Since the sum of all n values over the input is at most 2 · 10^5, the total work across all test cases is linear in the input size. This easily fits within the 2-second limit and the memory usage remains small.

Test Cases

# helper: run solution on input string, return output string
import sys
import io

def run(inp: str) -> str:
    old_stdin = sys.stdin
    old_stdout = sys.stdout

    sys.stdin = io.StringIO(inp)
    out = io.StringIO()
    sys.stdout = out

    input = sys.stdin.readline

    t = int(input())
    ans = []

    for _ in range(t):
        n, d, k = map(int, input().split())

        m = n - d + 1
        diff = [0] * (m + 3)

        for _ in range(k):
            l, r = map(int, input().split())

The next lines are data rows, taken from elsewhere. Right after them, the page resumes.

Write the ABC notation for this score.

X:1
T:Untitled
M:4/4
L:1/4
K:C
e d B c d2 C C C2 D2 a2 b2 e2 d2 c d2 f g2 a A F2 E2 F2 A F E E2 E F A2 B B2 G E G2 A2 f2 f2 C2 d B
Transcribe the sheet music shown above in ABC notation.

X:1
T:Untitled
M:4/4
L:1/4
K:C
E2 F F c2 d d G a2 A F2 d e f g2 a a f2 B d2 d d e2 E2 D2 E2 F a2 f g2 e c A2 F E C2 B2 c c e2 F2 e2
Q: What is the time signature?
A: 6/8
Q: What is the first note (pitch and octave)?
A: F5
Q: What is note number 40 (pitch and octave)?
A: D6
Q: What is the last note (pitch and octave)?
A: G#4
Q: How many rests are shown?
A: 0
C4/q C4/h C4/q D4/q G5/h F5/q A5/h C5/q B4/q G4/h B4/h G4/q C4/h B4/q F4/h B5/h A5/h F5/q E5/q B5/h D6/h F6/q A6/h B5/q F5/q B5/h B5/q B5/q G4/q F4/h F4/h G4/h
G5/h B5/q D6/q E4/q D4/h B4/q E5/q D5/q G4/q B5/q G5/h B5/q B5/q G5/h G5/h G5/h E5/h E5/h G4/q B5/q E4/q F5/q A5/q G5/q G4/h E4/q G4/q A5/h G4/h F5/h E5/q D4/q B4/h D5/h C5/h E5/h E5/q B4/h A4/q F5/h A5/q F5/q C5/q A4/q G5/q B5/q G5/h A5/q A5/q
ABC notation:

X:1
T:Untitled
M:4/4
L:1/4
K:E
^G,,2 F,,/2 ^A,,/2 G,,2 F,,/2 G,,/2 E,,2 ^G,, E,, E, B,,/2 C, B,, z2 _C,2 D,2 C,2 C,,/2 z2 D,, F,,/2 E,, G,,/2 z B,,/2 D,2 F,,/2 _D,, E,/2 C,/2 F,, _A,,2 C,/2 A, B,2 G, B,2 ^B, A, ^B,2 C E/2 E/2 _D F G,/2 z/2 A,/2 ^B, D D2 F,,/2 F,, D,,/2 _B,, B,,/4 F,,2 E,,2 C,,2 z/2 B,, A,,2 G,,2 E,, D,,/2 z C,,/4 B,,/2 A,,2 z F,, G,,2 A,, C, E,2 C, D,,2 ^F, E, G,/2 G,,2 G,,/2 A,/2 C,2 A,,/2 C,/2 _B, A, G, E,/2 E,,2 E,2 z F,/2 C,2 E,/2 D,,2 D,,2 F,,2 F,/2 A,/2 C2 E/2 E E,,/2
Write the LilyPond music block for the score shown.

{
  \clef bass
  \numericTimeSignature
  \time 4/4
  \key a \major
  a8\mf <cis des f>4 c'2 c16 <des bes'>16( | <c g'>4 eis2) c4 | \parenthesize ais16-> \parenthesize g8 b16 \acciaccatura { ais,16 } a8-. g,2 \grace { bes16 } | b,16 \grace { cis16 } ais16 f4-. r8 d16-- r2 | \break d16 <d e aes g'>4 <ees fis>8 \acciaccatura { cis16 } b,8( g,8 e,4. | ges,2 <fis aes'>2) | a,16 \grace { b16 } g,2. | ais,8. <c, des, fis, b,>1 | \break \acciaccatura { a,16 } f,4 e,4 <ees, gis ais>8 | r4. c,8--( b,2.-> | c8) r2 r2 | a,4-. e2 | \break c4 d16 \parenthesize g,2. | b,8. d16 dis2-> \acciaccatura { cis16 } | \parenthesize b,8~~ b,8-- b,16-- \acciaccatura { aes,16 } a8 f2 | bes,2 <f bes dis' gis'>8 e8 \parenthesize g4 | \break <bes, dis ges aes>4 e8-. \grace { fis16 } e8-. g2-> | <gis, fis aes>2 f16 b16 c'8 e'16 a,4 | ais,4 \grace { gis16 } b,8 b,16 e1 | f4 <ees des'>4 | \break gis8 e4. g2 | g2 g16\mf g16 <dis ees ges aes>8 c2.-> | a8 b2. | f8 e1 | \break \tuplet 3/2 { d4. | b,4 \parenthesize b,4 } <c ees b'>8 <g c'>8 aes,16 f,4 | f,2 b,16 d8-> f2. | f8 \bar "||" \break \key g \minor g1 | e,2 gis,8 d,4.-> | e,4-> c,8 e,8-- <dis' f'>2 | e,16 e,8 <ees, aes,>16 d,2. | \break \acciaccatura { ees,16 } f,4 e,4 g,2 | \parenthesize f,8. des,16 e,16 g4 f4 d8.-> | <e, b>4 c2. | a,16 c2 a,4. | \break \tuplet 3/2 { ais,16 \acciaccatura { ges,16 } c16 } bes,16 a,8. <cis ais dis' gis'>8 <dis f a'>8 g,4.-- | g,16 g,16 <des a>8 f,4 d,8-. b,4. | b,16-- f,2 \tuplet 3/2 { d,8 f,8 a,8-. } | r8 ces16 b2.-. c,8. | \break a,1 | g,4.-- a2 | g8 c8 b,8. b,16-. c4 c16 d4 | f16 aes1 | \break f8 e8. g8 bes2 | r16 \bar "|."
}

            L = max(1, l - d + 1)
            R = min(m, r)

            if L <= R:
                diff[L] += 1
                diff[R + 1] -= 1

        cur = 0

        mx = -1
        mx_day = 1

        mn = 10**18
        mn_day = 1

        for day in range(1, m + 1):
            cur += diff[day]

            if cur > mx:
                mx = cur
                mx_day = day

            if cur < mn:
                mn = cur
                mn_day = day

        ans.append(f"{mx_day} {mn_day}")

    sys.stdin = old_stdin
    sys.stdout = old_stdout

    return "\n".join(ans)

# provided sample
assert run(
"""6
2 1 1
1 2
4 1 2
1 2
2 4
7 2 3
1 2
1 3
6 7
5 1 2
1 2
3 5
9 2 1
2 8
9 2 4
7 9
4 8
1 3
2 3
"""
) == """1 1
2 1
1 4
1 1
1 1
3 4"""

# minimum size
assert run(
"""1
1 1 1
1 1
"""
) == "1 1"

# tie for maximum, earliest should win
assert run(
"""1
4 1 2
1 1
4 4
"""
) == "1 2"

# d = n, only one possible start
assert run(
"""1
5 5 2
1 1
5 5
"""
) == "1 1"

# long interval covering many starts
assert run(
"""1
10 2 1
2 8
"""
) == "1 9"
Test input Expected output What it validates
n=1,d=1,k=1 1 1 Minimum constraints
Two jobs at days 1 and 4 1 2 Earliest maximum tie handling
d=n 1 1 Single valid start day
One long interval [2,8] 1 9 Correct conversion from job interval to start interval

Edge Cases

Consider:

1
5 2 1
2 3

The job overlaps starts:

[2-2+1, 3] = [1,3]

Counts become:

Start Count
1 1
2 1
3 1
4 0

The algorithm marks exactly the interval [1,3] in the difference array and correctly outputs:

1 4

This verifies that sharing only one endpoint day still counts as overlap.

Now consider a tie case:

1
4 1 2
1 1
4 4

Counts are:

Start Count
1 1
2 0
3 0
4 1

During the scan, day 1 becomes the recorded maximum. When day 4 reaches the same value, the strict comparison prevents replacement. The answer remains the earliest maximum day.

Finally, consider:

1
10 2 1
2 8

The overlap range is:

[1,8]

after clamping.

The difference array adds one to every start from 1 through 8, leaving start 9 with count 0. The algorithm outputs:

1 9

which confirms that long jobs affecting many windows are handled in constant update time rather than repeated overlap checks.